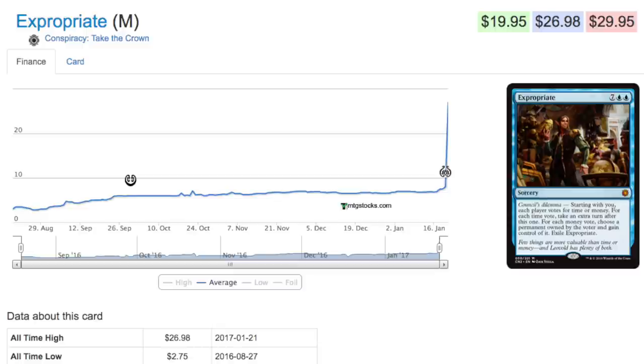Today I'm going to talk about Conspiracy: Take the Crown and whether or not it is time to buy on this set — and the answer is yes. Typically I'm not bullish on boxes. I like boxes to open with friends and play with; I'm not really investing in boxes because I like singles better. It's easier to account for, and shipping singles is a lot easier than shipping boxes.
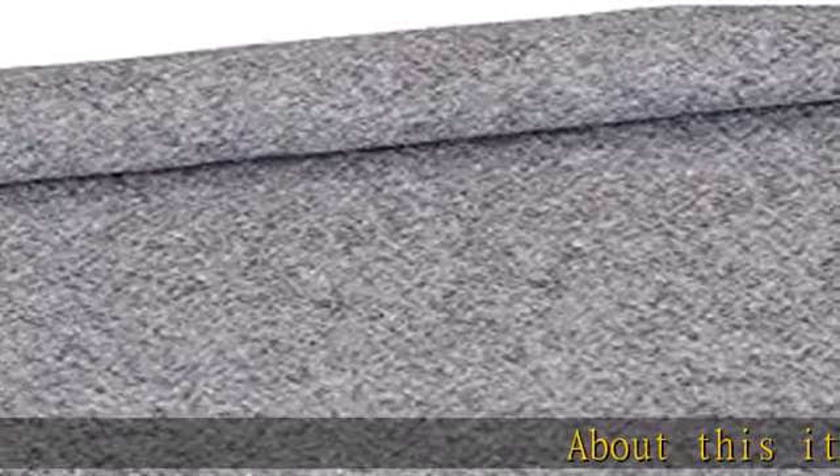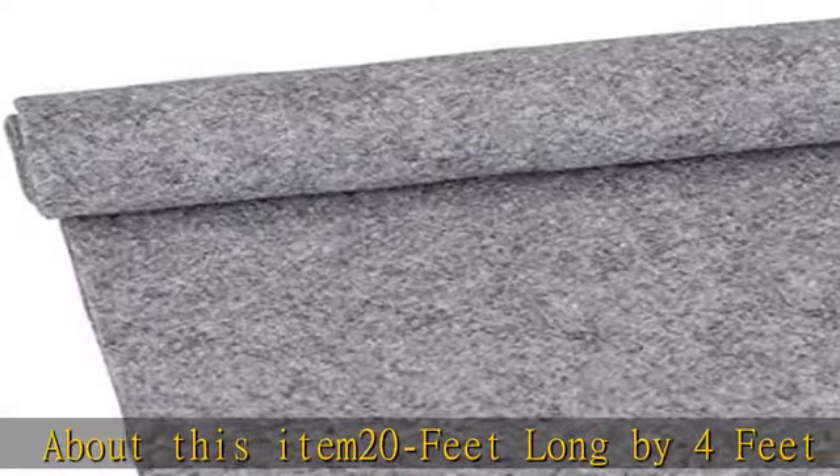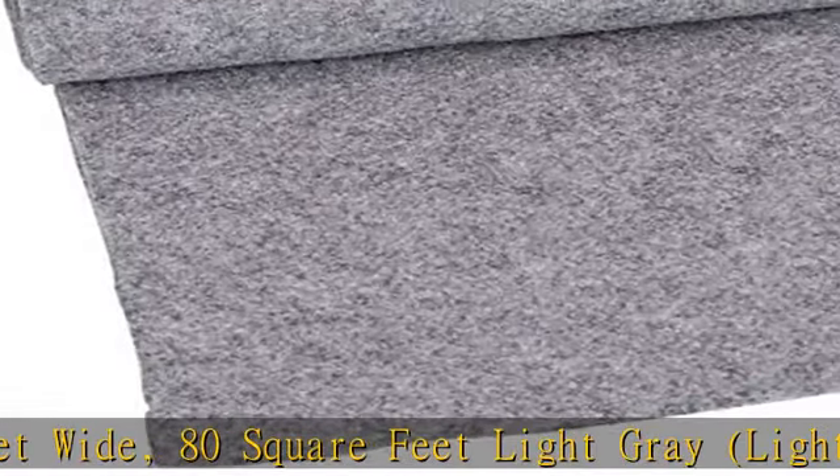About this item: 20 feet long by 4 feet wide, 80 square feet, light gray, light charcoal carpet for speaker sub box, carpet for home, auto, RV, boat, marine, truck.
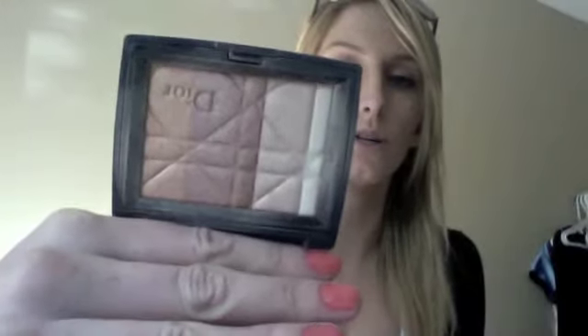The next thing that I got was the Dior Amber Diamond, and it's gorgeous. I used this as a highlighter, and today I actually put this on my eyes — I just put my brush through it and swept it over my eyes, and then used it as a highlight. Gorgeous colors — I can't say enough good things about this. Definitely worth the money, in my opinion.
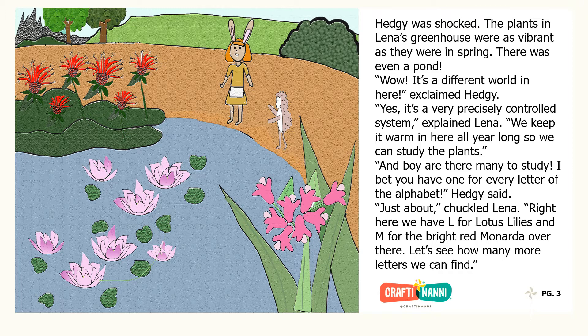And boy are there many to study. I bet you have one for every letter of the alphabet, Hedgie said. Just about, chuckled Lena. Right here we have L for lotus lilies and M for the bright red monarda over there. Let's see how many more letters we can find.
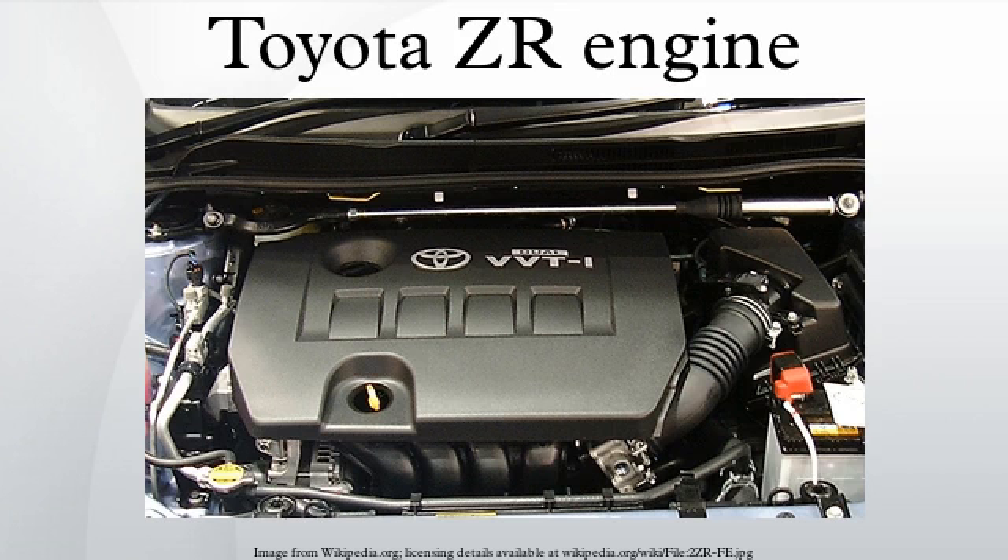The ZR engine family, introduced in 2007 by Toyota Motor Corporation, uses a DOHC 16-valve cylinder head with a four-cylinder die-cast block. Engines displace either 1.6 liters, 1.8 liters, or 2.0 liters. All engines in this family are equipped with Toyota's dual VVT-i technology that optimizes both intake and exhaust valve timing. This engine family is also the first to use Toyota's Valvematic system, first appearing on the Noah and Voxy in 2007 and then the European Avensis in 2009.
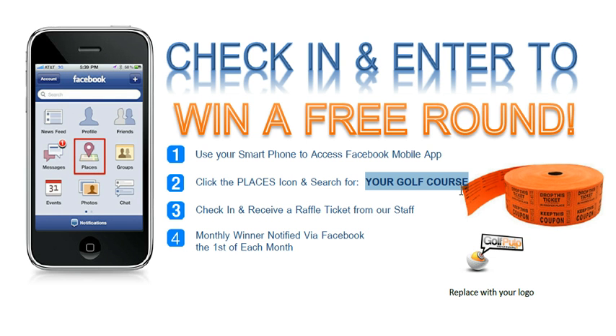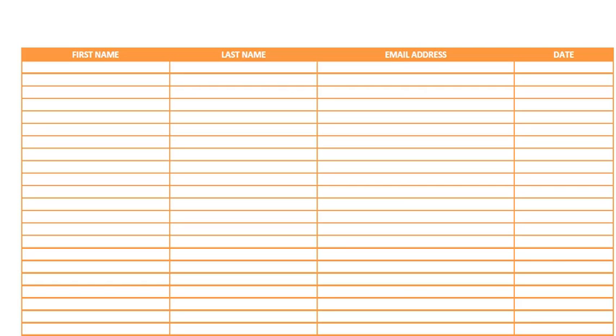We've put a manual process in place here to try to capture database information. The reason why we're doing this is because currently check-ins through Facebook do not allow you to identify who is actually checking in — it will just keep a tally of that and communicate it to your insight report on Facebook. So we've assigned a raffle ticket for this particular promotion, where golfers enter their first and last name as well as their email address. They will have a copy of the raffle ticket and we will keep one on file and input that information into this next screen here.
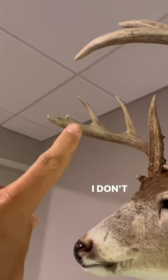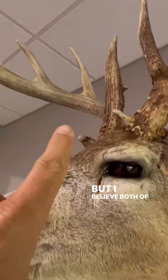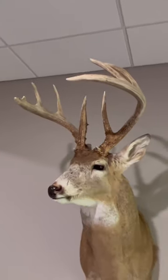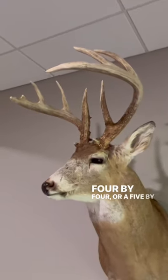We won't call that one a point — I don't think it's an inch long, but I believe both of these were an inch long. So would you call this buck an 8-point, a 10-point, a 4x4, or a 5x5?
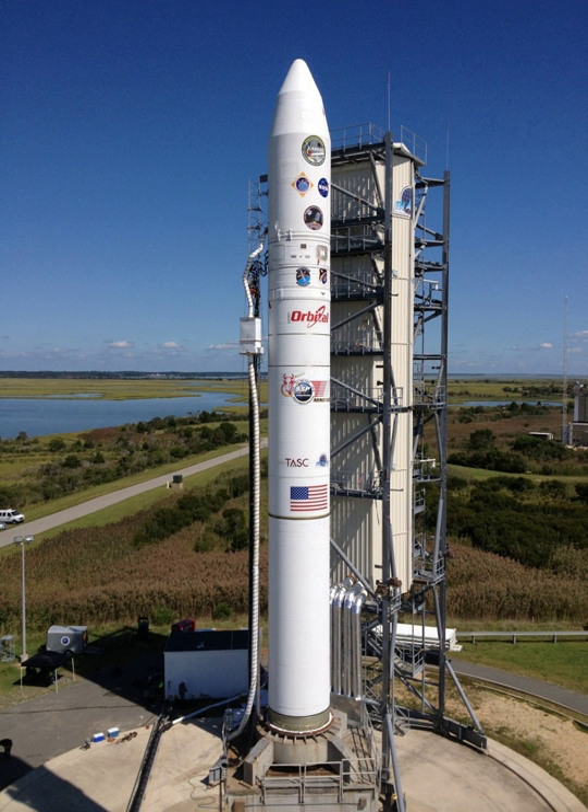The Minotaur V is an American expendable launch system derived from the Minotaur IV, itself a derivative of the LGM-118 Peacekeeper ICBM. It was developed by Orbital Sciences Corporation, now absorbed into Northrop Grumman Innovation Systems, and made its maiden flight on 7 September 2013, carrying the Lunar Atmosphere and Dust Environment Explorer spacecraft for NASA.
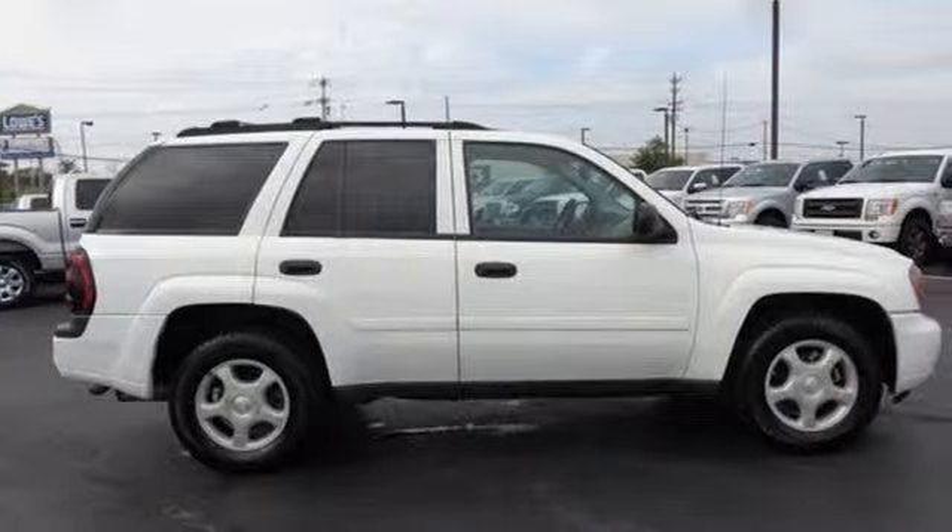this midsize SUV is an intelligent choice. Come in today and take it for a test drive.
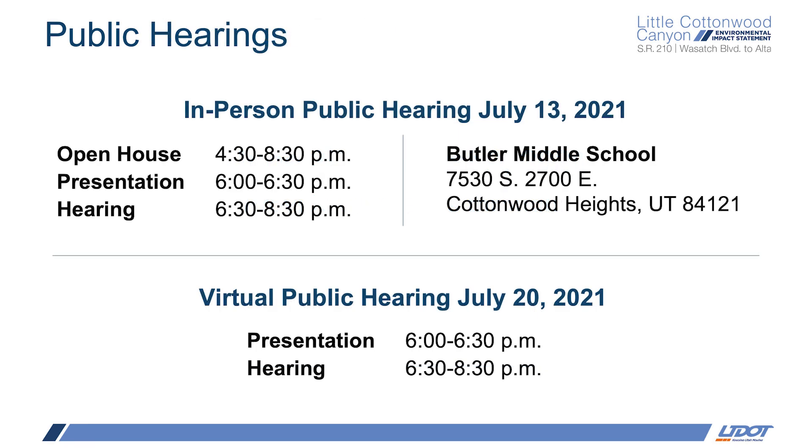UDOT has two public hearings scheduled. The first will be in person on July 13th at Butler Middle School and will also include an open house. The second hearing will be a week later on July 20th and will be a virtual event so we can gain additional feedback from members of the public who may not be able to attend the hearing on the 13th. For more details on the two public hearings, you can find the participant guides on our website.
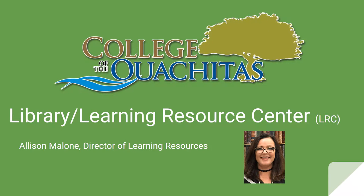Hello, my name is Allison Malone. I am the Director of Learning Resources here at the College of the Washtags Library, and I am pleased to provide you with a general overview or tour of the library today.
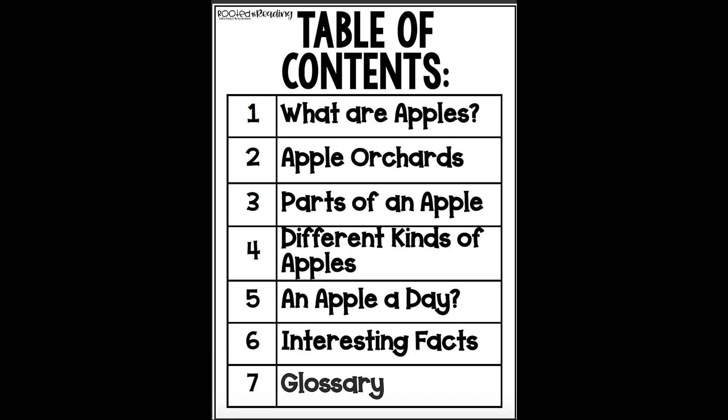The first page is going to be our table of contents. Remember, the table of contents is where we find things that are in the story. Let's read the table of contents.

══════════════════════════════

● Work required: From the line containing "Hello, my name" through the last line of the records, both included, output those lines exactly and nothing else; skip the pictures.

● Expected output:
Hello, my name is Allison Malone. I am the Director of Learning Resources here at the College of the Washtags Library, and I am pleased to provide you with a general overview or tour of the library today.
The first page is going to be our table of contents. Remember, the table of contents is where we find things that are in the story. Let's read the table of contents.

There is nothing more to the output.